What you should do:
The complete listing goes into the output exactly, without its pictures.

Record excerpts:
^^^^^^^^^^^^^^^^
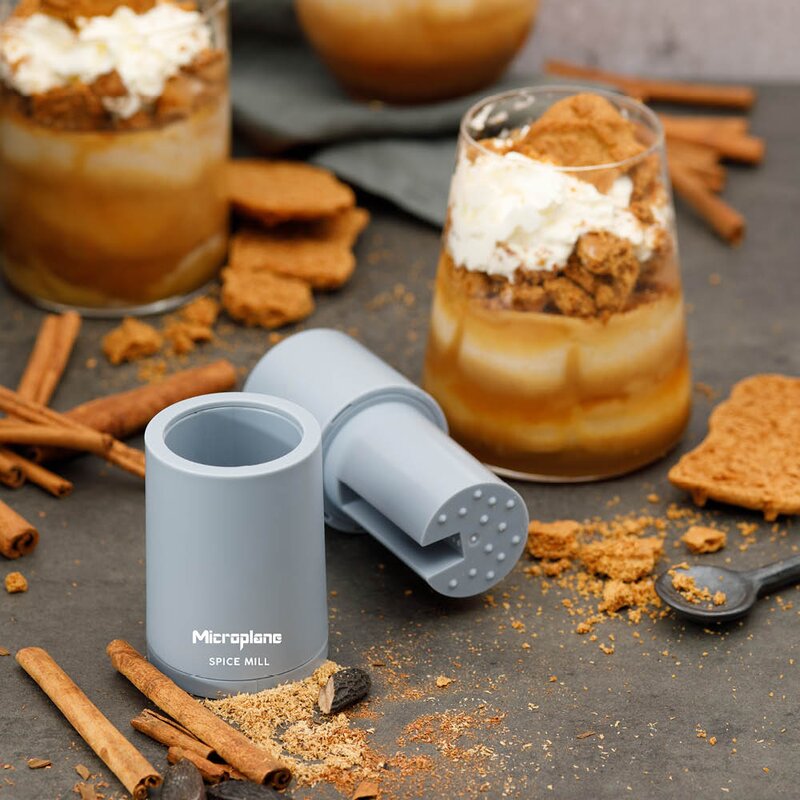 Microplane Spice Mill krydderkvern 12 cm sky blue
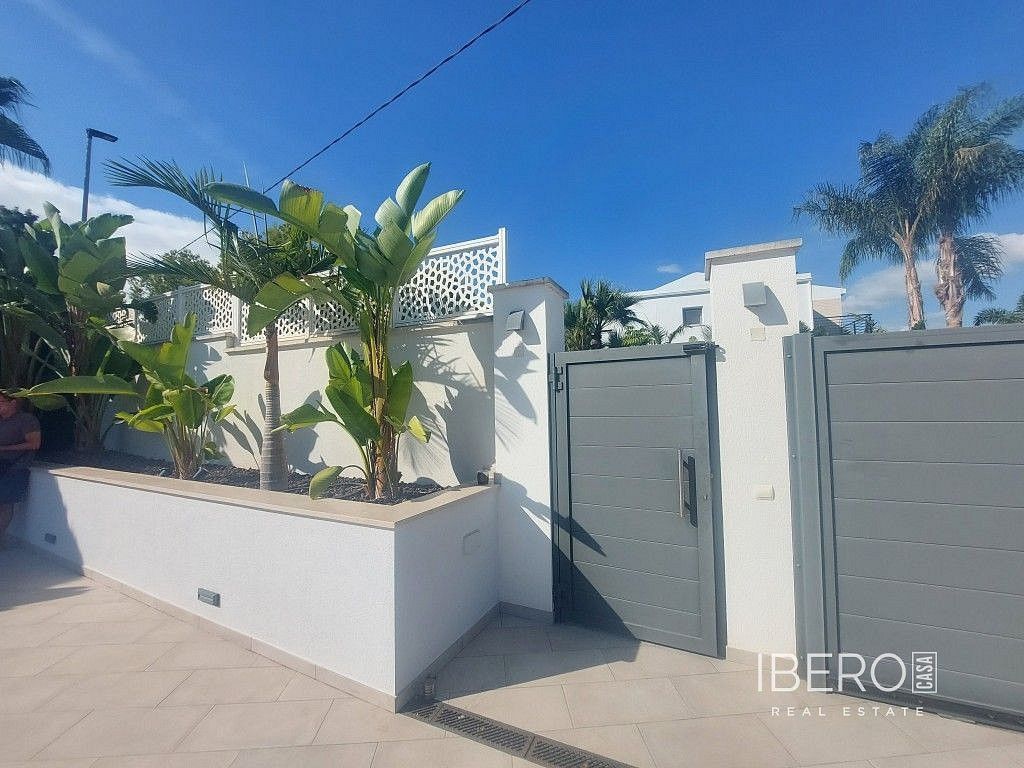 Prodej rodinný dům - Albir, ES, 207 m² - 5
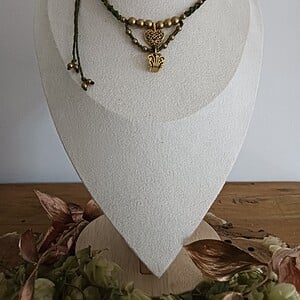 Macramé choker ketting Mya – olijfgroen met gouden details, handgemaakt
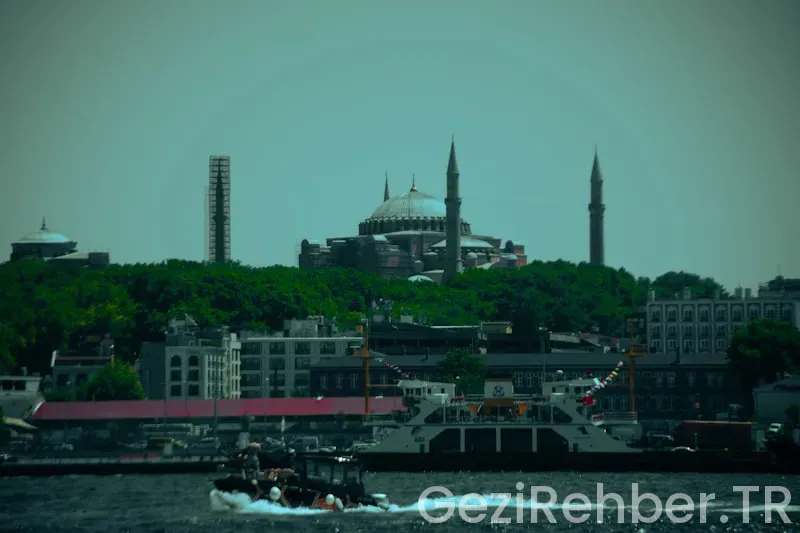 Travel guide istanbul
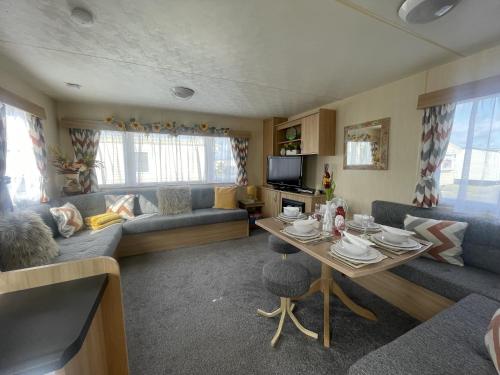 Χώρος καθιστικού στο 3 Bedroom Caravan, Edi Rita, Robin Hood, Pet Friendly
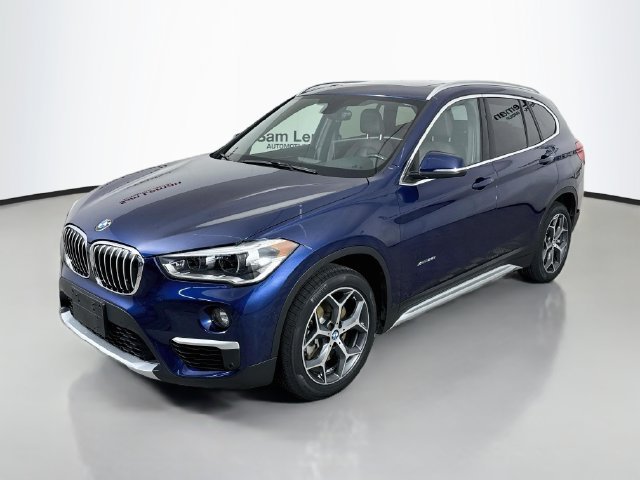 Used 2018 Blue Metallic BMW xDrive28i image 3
^^^^^^^^^^^^^^^^
Your solution:
 Microplane Spice Mill krydderkvern 12 cm sky blue
 Prodej rodinný dům - Albir, ES, 207 m² - 5
 Macramé choker ketting Mya – olijfgroen met gouden details, handgemaakt
 Travel guide istanbul
 Χώρος καθιστικού στο 3 Bedroom Caravan, Edi Rita, Robin Hood, Pet Friendly
 Used 2018 Blue Metallic BMW xDrive28i image 3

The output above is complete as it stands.